Chapitre 39
- J’ai oublié un carnet chez vous hier, Monsieur.
- Appelle-moi Auriel, gamin. Un carnet, tu dis ?
- Oui, un journal, brun foncé, à peu près de cette taille et de cette épaisseur, mima-t-il.
Le tailleur s’éleva au-dessus du sol et tourna sur lui-même.
- J’ai dû mettre ça quelque part, en effet, ça me dit quelque chose.
Impatient, Daniel le suivit en trépignant.
- Calme-toi, ou je te mets dehors. Ce genre d’énergie n’est plus de mon âge.
- Oh, pardon.
Il serra les lèvres et se renfrogna en silence, mais l’idée de retrouver son trésor lui mit du baume au cœur.
- Ah !
Auriel brandit victorieusement le carnet.
- C’est ça ?
- Oui !
- Tiens, je—
Le bonhomme stoppa brusquement son geste et pencha son nez, chaussé d’un binocle, sur la couverture usée du recueil.
- Je peux—
- Silence, intima-t-il.
- Mais je—
- Silence ! tonna-t-il plus fort, accompagné d’une geste qui éloigna Daniel de plusieurs mètres.
Déséquilibré, il trébucha sur un mannequin et s’effondra avec fracas.
Plongé dans la lecture du journal de sa mère, Auriel n’eut pas l’air de s’en soucier et tourna une page avec le plus grand soin.
L’angoisse commença à envahir le cœur de Daniel, mais il ne lâcha pas l’affaire.
- Donnez-moi mon carnet, s’il vous plaît.
Le vieux l’ignora royalement et s’éleva vers le plafond de la boutique, hors de portée du nouveau mage, qui tenta vainement de sauter pour l’atteindre.
Au bout de plusieurs essais, il se laissa tomber par terre en pleurant, sa détresse troublée par le seul son des murmures inquiétants de la créature volante.
Le désespoir fit bientôt place au désespoir et il se redressa, furieux.
- Rendez-moi mon carnet !
Devant l’impuissance de sa requête, son désarroi grandit.

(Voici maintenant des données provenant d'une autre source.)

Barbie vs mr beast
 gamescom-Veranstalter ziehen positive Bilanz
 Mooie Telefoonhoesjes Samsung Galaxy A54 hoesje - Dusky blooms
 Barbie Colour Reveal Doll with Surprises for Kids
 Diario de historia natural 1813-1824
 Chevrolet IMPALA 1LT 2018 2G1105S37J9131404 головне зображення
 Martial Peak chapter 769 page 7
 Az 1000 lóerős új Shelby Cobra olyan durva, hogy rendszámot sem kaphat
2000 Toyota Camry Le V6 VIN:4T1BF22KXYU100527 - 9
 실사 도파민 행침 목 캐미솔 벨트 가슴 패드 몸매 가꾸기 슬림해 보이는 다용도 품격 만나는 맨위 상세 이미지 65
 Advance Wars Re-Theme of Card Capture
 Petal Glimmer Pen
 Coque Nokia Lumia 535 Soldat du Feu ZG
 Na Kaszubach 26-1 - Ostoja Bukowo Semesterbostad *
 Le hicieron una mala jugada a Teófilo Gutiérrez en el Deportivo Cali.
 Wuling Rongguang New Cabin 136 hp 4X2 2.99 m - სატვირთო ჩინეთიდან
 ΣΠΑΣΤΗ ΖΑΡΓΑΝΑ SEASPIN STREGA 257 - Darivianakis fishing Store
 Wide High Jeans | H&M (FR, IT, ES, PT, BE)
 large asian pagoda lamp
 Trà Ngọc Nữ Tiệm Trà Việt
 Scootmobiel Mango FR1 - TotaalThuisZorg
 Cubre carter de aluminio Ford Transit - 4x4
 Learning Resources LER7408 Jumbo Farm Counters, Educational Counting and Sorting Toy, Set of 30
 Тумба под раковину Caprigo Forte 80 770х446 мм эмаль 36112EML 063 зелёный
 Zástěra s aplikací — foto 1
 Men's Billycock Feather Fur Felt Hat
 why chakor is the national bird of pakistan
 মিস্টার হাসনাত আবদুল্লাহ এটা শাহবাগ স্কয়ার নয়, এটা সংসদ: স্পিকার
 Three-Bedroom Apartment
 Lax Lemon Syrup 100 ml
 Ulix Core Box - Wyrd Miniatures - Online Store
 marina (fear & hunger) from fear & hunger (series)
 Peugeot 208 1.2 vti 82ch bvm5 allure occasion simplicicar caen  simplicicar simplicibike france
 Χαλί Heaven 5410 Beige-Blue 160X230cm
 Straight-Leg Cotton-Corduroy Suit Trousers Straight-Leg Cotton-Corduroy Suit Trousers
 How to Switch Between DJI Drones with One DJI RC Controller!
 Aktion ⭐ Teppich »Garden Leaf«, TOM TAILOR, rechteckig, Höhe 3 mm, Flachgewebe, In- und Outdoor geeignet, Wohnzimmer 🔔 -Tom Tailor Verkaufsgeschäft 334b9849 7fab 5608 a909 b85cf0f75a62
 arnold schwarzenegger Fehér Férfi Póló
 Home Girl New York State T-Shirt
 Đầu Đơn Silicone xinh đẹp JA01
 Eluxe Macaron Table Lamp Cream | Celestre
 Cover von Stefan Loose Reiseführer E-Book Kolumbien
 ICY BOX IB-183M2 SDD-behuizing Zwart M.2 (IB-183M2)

Il hurla. Son cri résonna dans ses oreilles et une décharge le traversa.
Auriel bascula, soufflé par l’énergie, et lâcha le livre, qui lui tomba des mains. Avec un cri de soulagement, Daniel s’en saisit.
Pressé d’en finir, il fit quelques pas pour rejoindre la sortie, mais des points noirs dansèrent devant ses yeux et il sentit ses jambes flageoler sous son poids.
Il n’eut pas le temps de comprendre, et le noir l’accueillit.